First, the ATO is what funds our hospitals, schools, roads (yep, those things that allow cars to drive to garages where they can park for $25 an hour) and police.
Second, who exactly owns these car parks so in need of a taxpayer funded bailout of sorts?
First, there’s Care Parking, which is owned by Hong Kong-based Far East Consortium (market capitalisation, HK$6.5 billion). Far East, among other assets, owns 461 car parks and approximately 92,750 car parking bays globally.
Then there’s Secure Parking, which in 2017 was sold to Japanese Conglomerate PARK24, for $206 million. And of course there’s giant Wilson Parking, which has been owned by Hong Kong giant Sun Hung Kai Properties since 1991, which itself is owned by the billionaire Kwok Brothers.
Arguably it’s preferable to fund schools and hospitals, rather than Hong Kong based billionaires.

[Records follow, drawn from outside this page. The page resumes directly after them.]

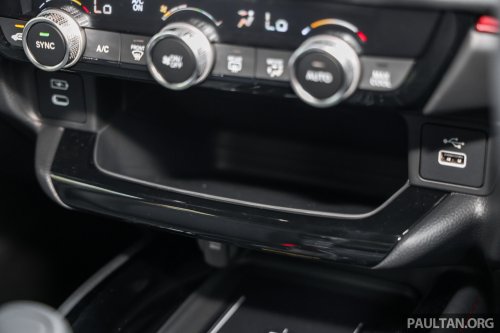 2025 Honda HR-V facelift review in Malaysia – are the minor changes enough to keep its many rivals at bay?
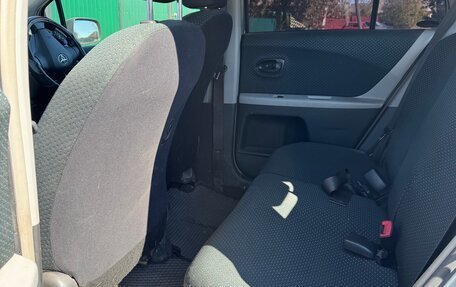 Toyota Vitz, 2007 год, 550 000 рублей, 3 фотография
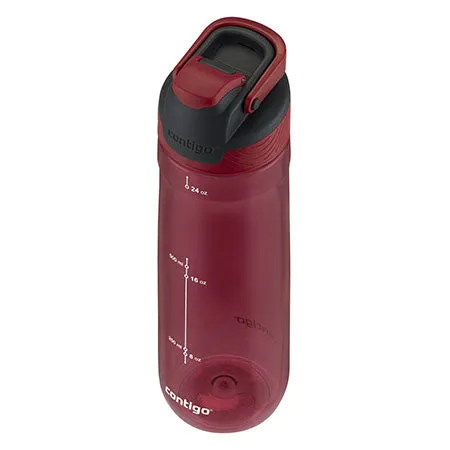 Contigo Autoseal Water Bottle (739ml)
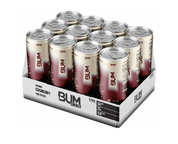 CBUM Energy Drink - Dr Bum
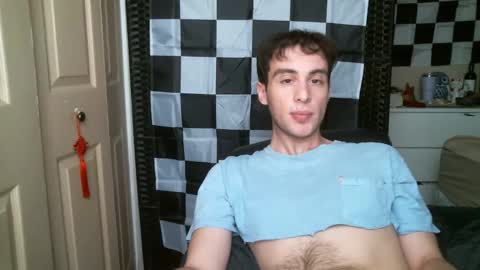 Ezra Naamah online show from 01/09/25, 08:11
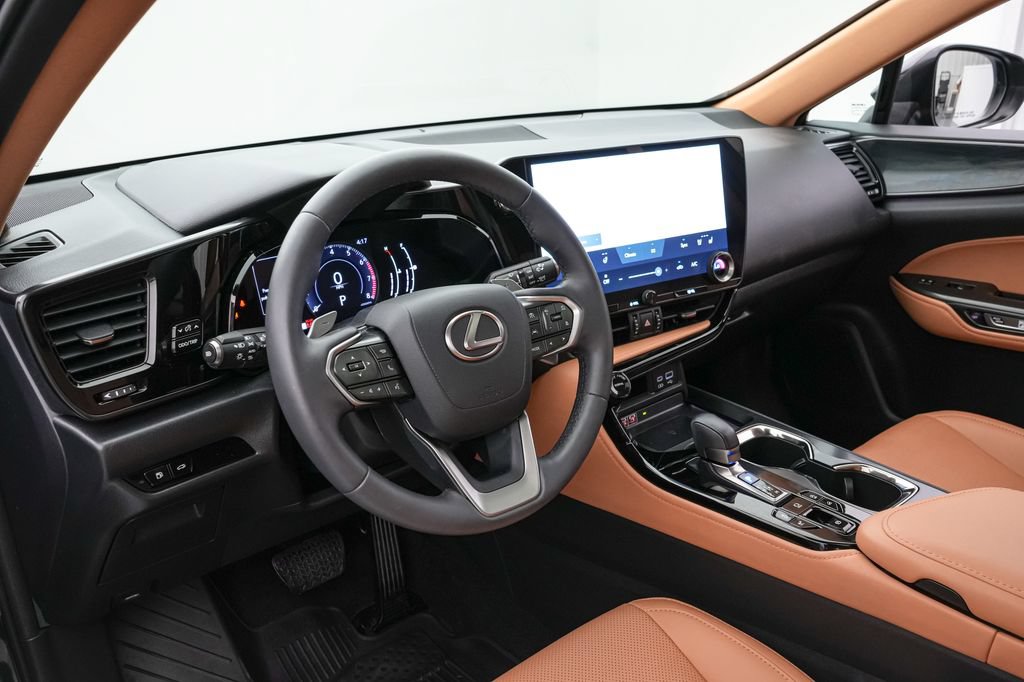 Used 2022 Lexus NX 350 AWD image 12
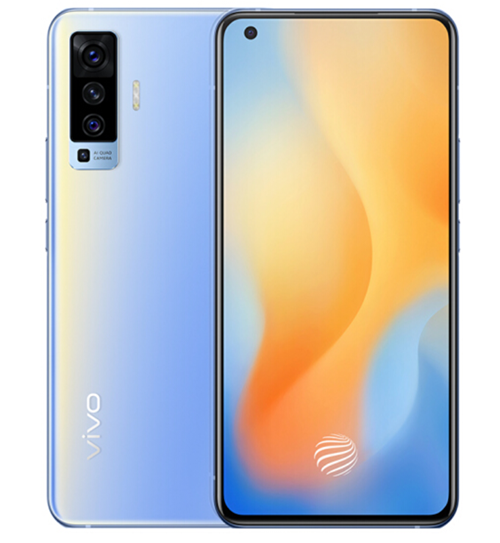 5G新品扎堆京東618首發(fā)！vivo X50系列享30天無憂退換服務(wù)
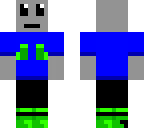 need cool shoes skin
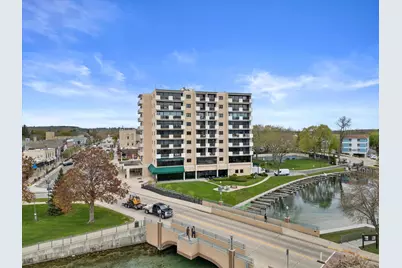 101  Broad St #602, Lake Geneva, WI 53147 - Photo 4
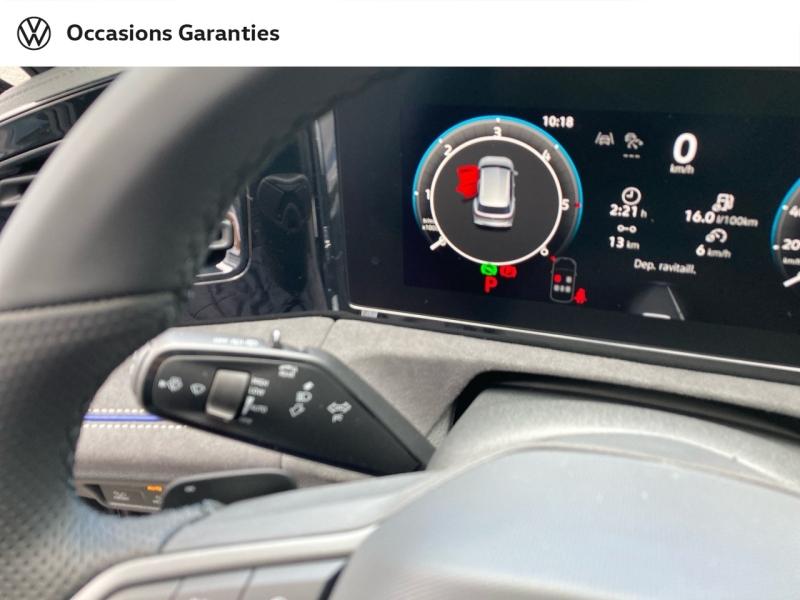 Voitures occasions VOLKSWAGEN TIGUAN R-Line Rivery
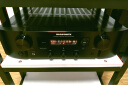 马兰士（MARANTZ）PM7000N hifi功放 大功率发烧级 高保真播放器 数字流媒体2.0 进口功放机 黑色 实拍图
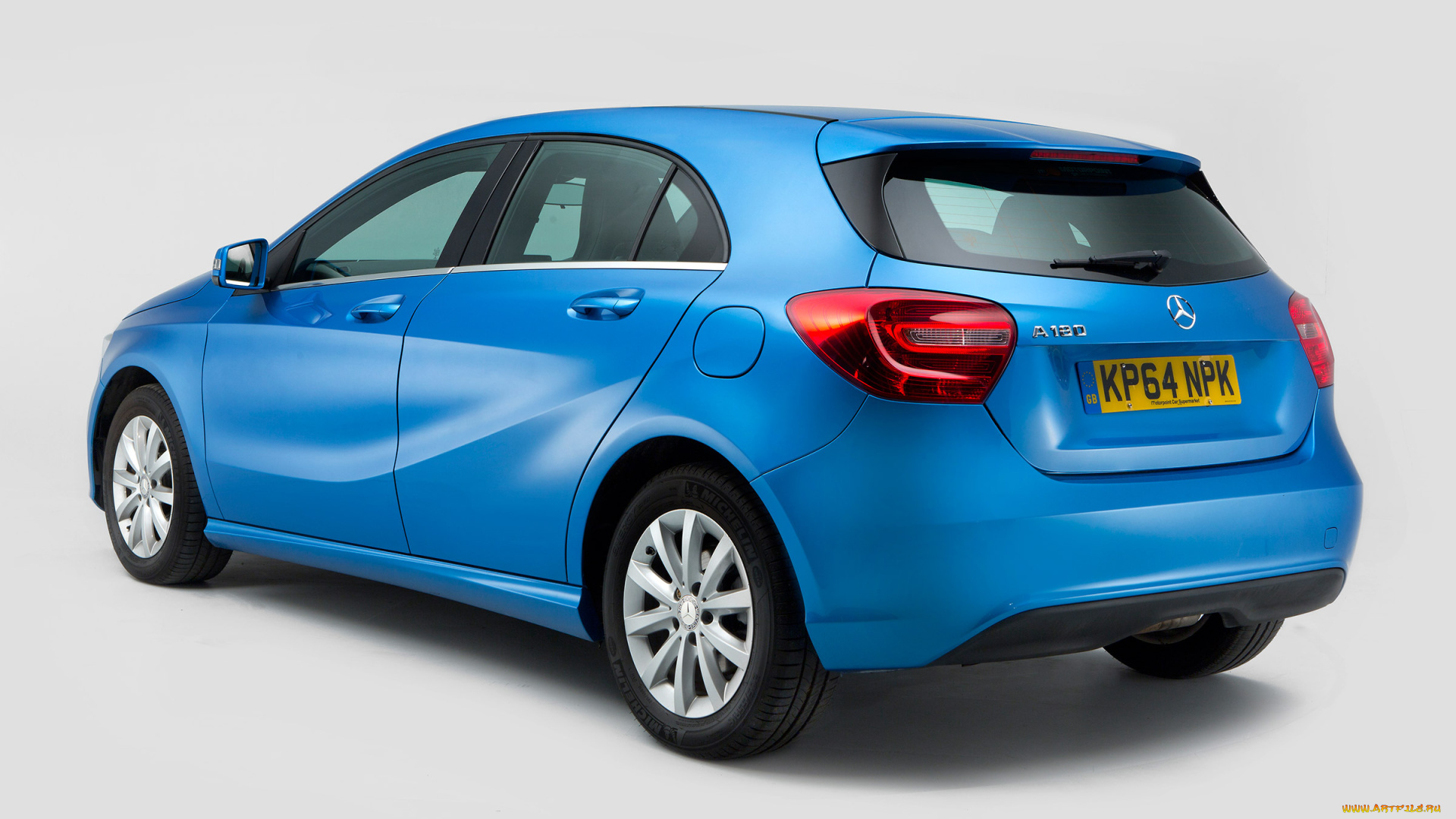 автомобили, mercedes-benz, uk-spec, style, a, 180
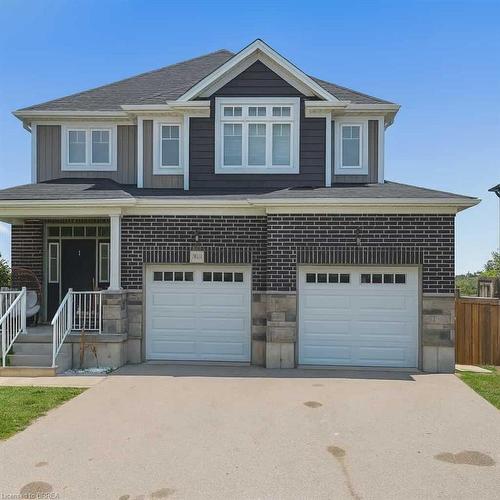 333 Poldon Drive  Norwich, ON N0J 1P0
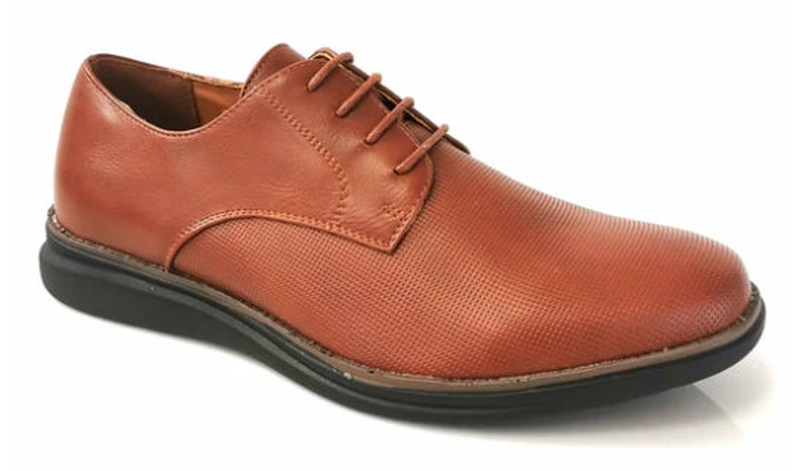 Fqj1868 - lbs men lace modern-null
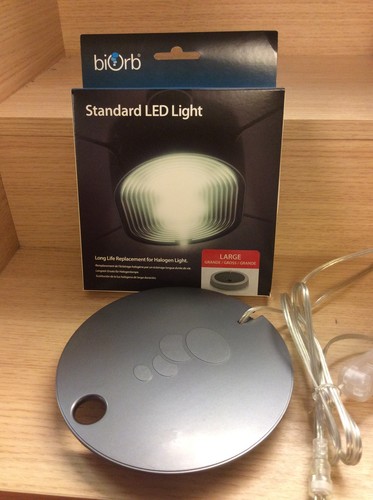 biorb reef one light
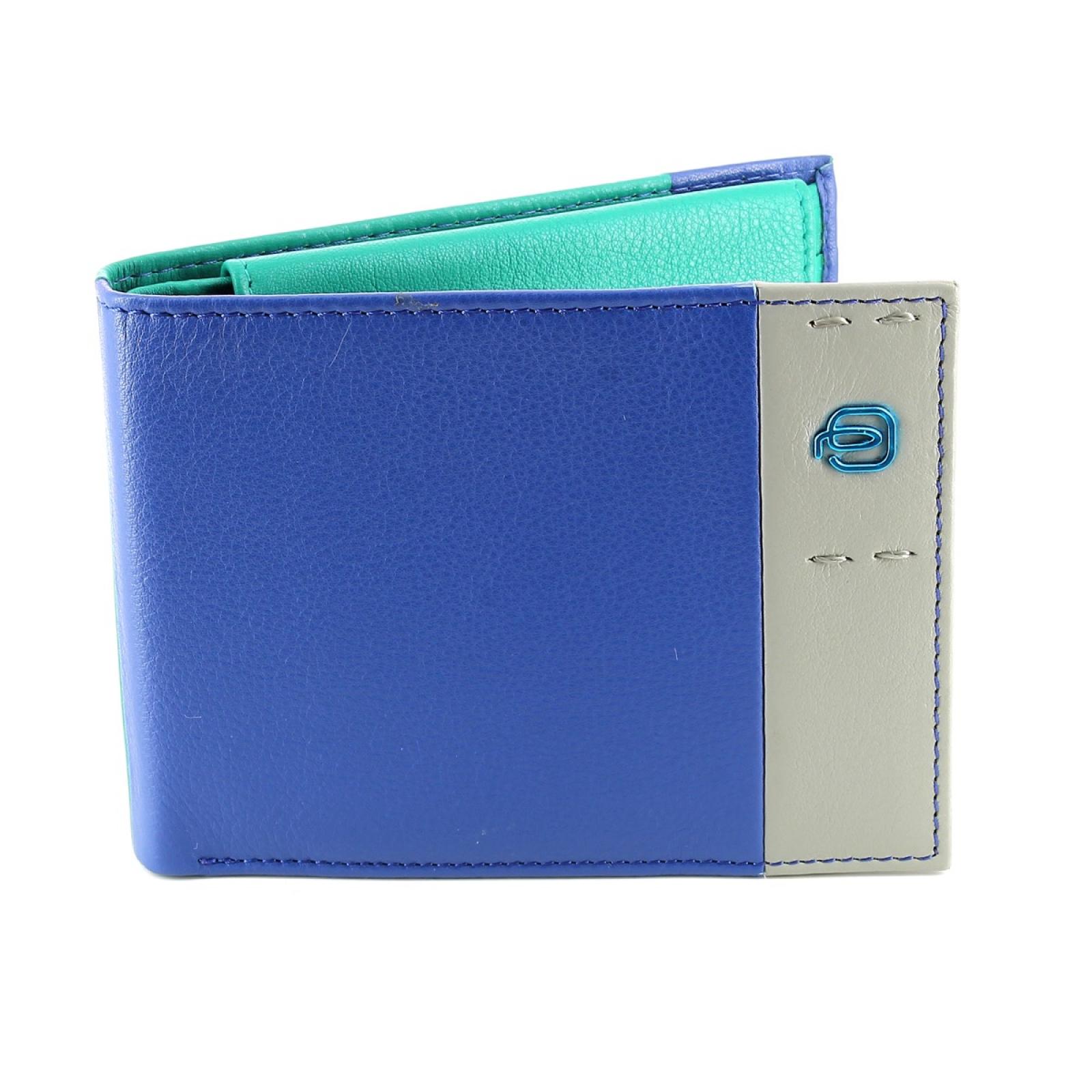 Wallet PULSE 257P15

Elon Musk courts business (and baby name) controversy
There aren’t many global corporate types more colourful than Elon Musk. The Tesla and SpaceX founder, with a current net worth of US$40 billion, rarely strays far from the headlines.
Last week, Musk (who has five kids) and partner, rap singer Grimes, named their new baby boy “X Æ A-12 Musk”. Alas, this was not the most controversial thing Musk did last week.
Instead, he garnered significant criticism for tweeting that Tesla’s share price was “overvalued”, which caused an immediate 11% drop (around US$15 billion).
The response was swift, with Jeffrey A. Sonnenfeld, a senior associate dean at the Yale University’s School of Management claiming: “There’s no ambiguity, nothing grey about it, is a direct 100% violation of the SEC’s language. He’s not supposed to be able to comment on material information without it being cleared.”
While there is much to be critical of Musk, in this rare case, he was arguably doing good. Leaving aside the fact that Tesla shares have already returned to the pre-Tweet price, I’d much rather see CEOs claim that their company’s share price is overvalued, than the constant refrain from highly-paid executives (whose bonus depends on total shareholder returns), that the market is under-valuing their business.
But that doesn’t fit the narrative where boosting analysts and hack executives talk up share prices, while inevitably correct short-sellers are criticised for pointing out fraud and misfeasance.